20% of staff now just teach

June 24, 2005

One in five academics is on a teaching-only contract, according to official statistics that will fuel concerns over the demise of the traditional link between teaching and research.

At least 80 per cent of teaching-only staff work part time. The Association of University Teachers, which carried out the research, said that the findings showed the growing casualisation of higher education.

The figures also appear to confirm anecdotal evidence that weak researchers are being placed on teaching-only contracts as the 2008 research assessment exercise approaches. Paul Cottrell, assistant general secretary of the AUT, said: "We have widespread reports from our members that universities are enticing big-name academics with the promise that they will not have to teach, while other academics are being pushed onto teaching-only contracts."

The AUT research is based on new data from the Higher Education Statistics Agency that for the first time include academics who work for less than 25 per cent of a full-time contract.

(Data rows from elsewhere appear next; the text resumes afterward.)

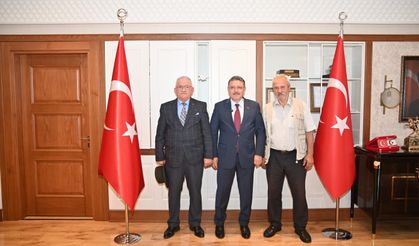 Başkan Genç, şehit ailelerini ağırladı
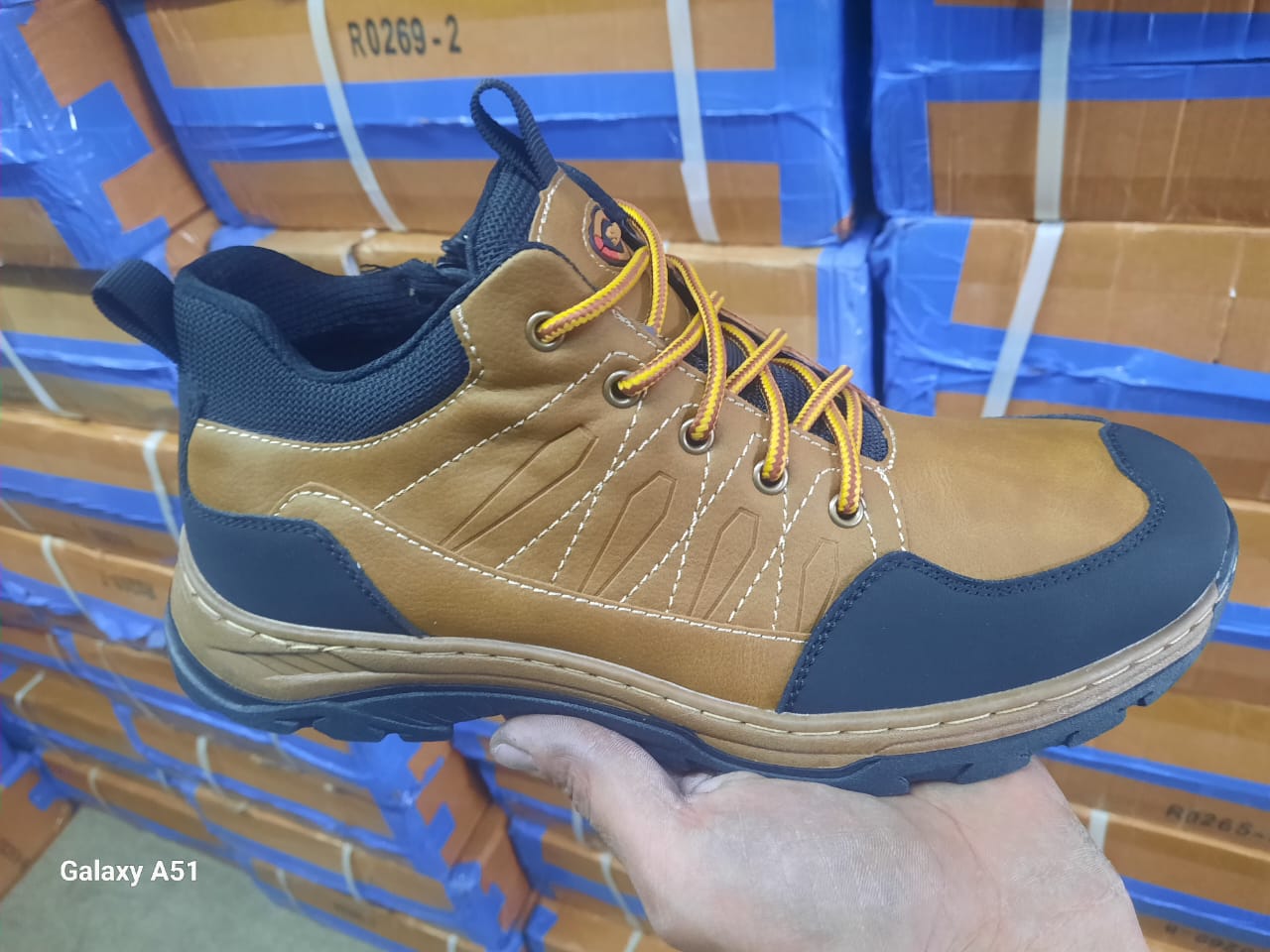 Мужские ботинки  FASHION SO-251-606 (8 пар в коробе, 41-46 размер)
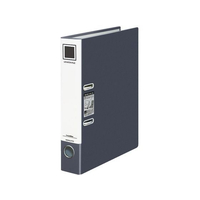 コクヨ レバッチファイル A4 とじ厚28 ダークグレー 1冊 F808108-ﾌ-AL280DM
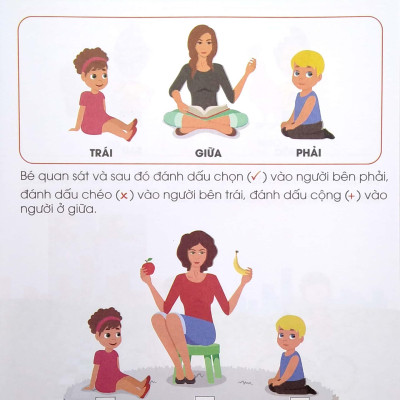 Chuẩn Bị Cho Bé Vào Lớp 1 - Bé Làm Quen Với Toán Học (Tái Bản)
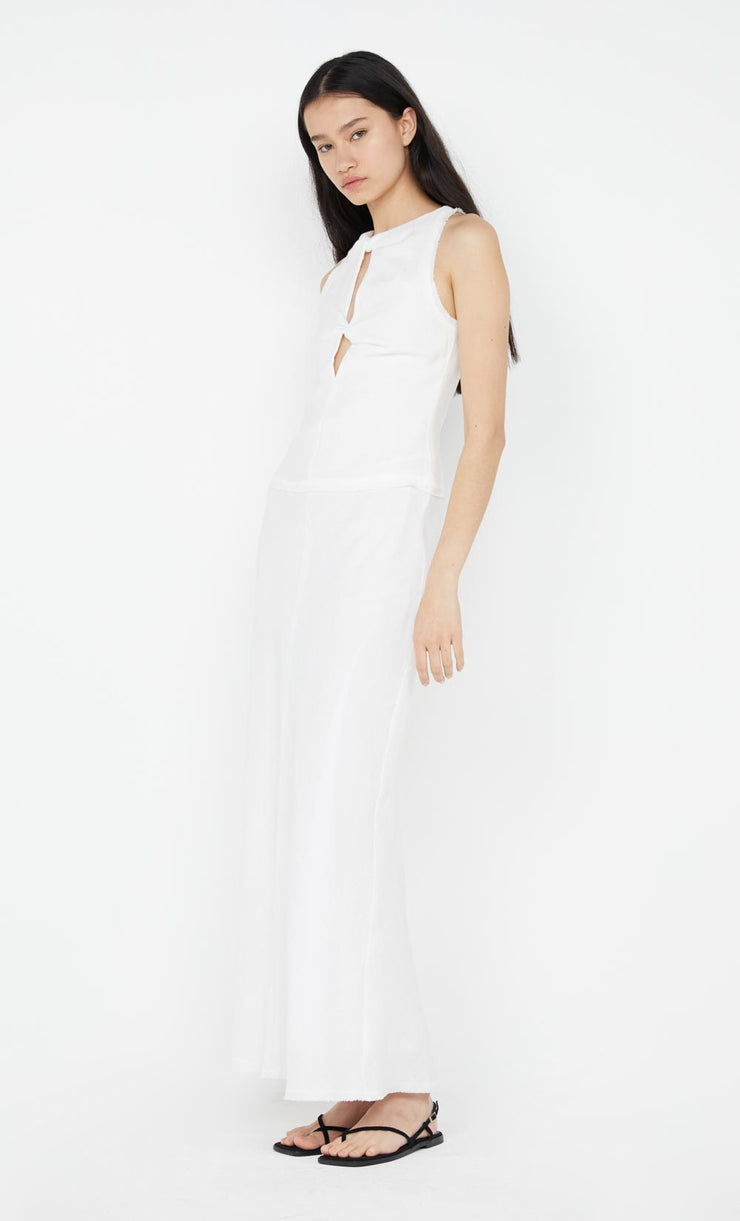 Everly Dress in White by Bec + Bridge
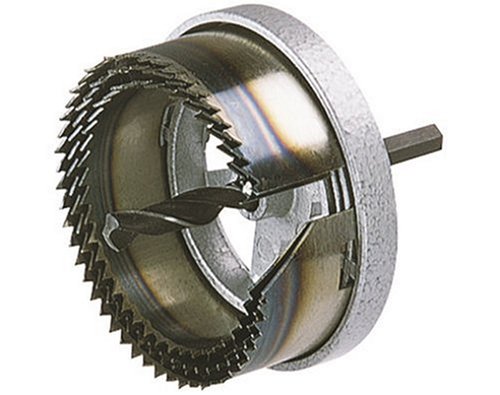 Wolfcraft 2154000 Super-Lochs&auml;ge, 3tlg., Schnitttiefe 33 mm, &oslash; 60, 68, 74 mm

Until now, data on teaching-only staff had excluded the vast numbers working on the margins of universities, most of whom are on teaching-only contracts.

In 2003-04, 29,000 academics were on teaching-only contracts, compared with 15,000 shown for the previous year. While full-time numbers of teaching-only academics remained static, the new reporting method pushed up the number of part-time teaching-only staff from 8,650 to 22,530.

Two thirds of teaching-only staff are on fixed-term contracts. A quarter work term-time only.

Stephen Court, senior researcher at the AUT, said: "The figures reveal the extent to which universities are using highly casualised staff working at the margins."

He said he thought it "highly likely" that the increase reflected institutions moving more academic staff to teaching-only contracts in advance of the 2008 RAE.

The number of academics on joint research and teaching contracts fell from 85,000 to 81,000, the research shows. Mr Court said the AUT had counted more than 1,200 job cuts in 2003-04, and that Hesa data for 2004-05 would show more casual university staff when full figures on "atypical" employees were published.

Tony Bruce, director of policy at Universities UK, said his organisation was committed to maintaining the link between teaching and research. "It is an inevitable consequence of increasing research concentration that more academics will be on teaching-only contracts, but with some 25 per cent of institutions receiving 75 per cent of research funding that process has gone far enough.

Michael Driscoll, head of Campaigning for Mainstream Universities and vice-chancellor of Middlesex University, said: "It does look as if the RAE is driving a wedge between teaching and research." The move to divorce teaching from research had implications for quality, he said, and the figures raised equal opportunities issues because women accounted for 40 per cent of all academics but half of teaching-only staff.

The AUT research shows wide variation in the reliance on teaching-only staff. Some universities, such as Aston, Derby and Bradford, categorised about half their staff in this way. Others, such as the University of Central England and Plymouth, categorised none or very few.